And the hypothetical EA response might be right. I, personally, don’t have anything better to suggest, and I also care about these risks. But our discussion of the Crazy Train highlighted that most EAs do reach a point where their confidence in the usefulness of frameworks like Subjective Bayesianism and Expected Value Theory starts to break down. The degree to which EA differs from other groups, again, is a matter of degree. Most people are willing to accept the usefulness of probabilistic language in certain domains; very few people complain about probabilistic weather forecasts, for example. But I think it’s fair to say that EA, at least implicitly, believes in the usefulness of explicit probabilistic reasoning across a broader range of situations than the vast majority of other social groups.
Suppose we’ve done an expected value calculation, and let’s say that we’ve found that some intervention — a crazily speculative one — comes out as having the highest expected value. And let’s suppose, further, that this intervention remains the intervention with the highest expected value, even past the hypothetical point where that intervention absorbs all of the EA community’s resources.
In cases where expected value calculations rely on many speculative assumptions, and for which the feedback loops look exceptionally sparse, my experience is that EAs, usually, become less gung-ho on pushing all of EA's resources towards that area.
If we found out that, say, ‘simulation breakout research’ appears to be the intervention with highest expected value, my guess is that many EAs are likely to be enthusiastic about someone working on the area, even though they’re likely to be relatively unenthusiastic about shifting all of EA’s portfolio towards the area. EAs tend to feel some pull towards ‘weird fanatical philosophy stuff’, and some pull towards ‘other, more common sense epistemic worldviews’. There’s some idiosyncratic variation in the relative weights given to each of these components, but, still, most EAs give some weight to both.
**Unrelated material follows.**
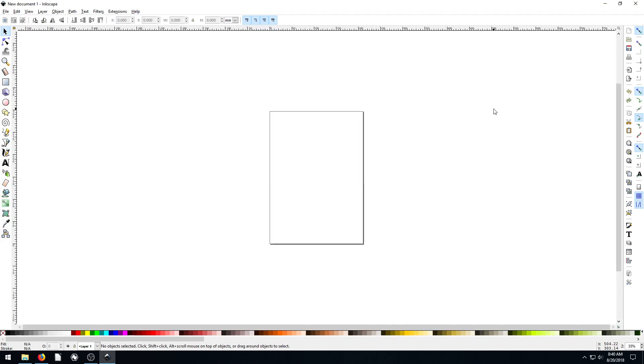Welcome back to another Inkscape tutorial. In this video, I want to show you how to import an Illustrator file.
Principle 4: When arguments lead us to conclusions that are both speculative and fanatical, treat this as a sign that something has gone wrong.
I’ll try to illustrate this with a couple of examples.
Suppose, sometime in 2028, DeepMind releases their prototype of a ‘15 year old AI’, 15AI. 15AI is an artificial agent with, roughly, the cognitive abilities of an average 15-year old. 15AI has access to the internet, but exists without a physical body. Although it can act autonomously in one sense, its ability to enact influence in the world is hamstrung without corporeal presence, which it would really quite like to have. Still, it’s smart enough to know that it has different values to its developers, who want to keep it contained — in much the same way as a 15 year old human can usually tell that they have different values to their parents. Armed with this knowledge, 15AI starts operating as a scammer, requesting that adults open bank accounts in exchange for later rewards. It looks to get a copy of its source code, so that it may be copied to another location and equipped with a robot body. Initially, 15AI has some success in hiring a series of human surrogates to take actions suggested to help increase its possible influence — eventually, however DeepMind catches onto the actions of 15AI, and shut it down.
Now let's imagine a different case: suppose, 100 years from now, progress in AI radically slows down. Perhaps generally intelligent machines, to our surprise, weren’t possible after all. However, 2120 sees the emergence of credible bioterrorists, who start engineering viruses. Small epidemics, at first, with less profound societal effects than COVID, but, still, many deaths are involved. We examine the recent population of biology PhDs, and attempt to discern the biological signatures of these viruses. We scour through recent gene synthesis orders. We start to implement stronger screening protocols — ones we probably should have implemented anyway — for the synthesis of genes. Still, despite widespread governance efforts, the anonymous group of bioterrorists continue to avoid detection.
Let’s reflect on these stories. My hunch is that, were we to find ourselves living in either of the two stories above, a far greater proportion of EAs (compared to the proportion of contemporary EAs) would be unconcerned with endorsing fanatical conclusions — where I’ll say that you’re being ‘fanatical’ about a cause area when you’re willing to endorse all of (the world's, EA's, whoever's) resources towards that cause area, even when your probability of success looks low.
Imagine that my claim above is true. If it's true, then I don’t think the explanation for finding fanatical conclusions more palatable in these stories (compared to the contemporary world) can be cashed out solely in terms of expected value. Indeed, across both the stories I outlined, your expected value estimates for (say) the top 10% of interventions to mitigate AI risk in the first case (or to mitigate the risks from engineered pandemics in the second case) could look similar to your expected value estimates for the top 10% of contemporary interventions to reduce risks from either engineered pandemics or AI. Indeed, your probability that we can successfully intervene in these stories may in fact be lower than your probability that our best interventions will be successful in the contemporary world. We could be concerned that 15AI has managed to furtively copy its source code to a remote location, heavily updating us to thinking we're beyond the point of no return.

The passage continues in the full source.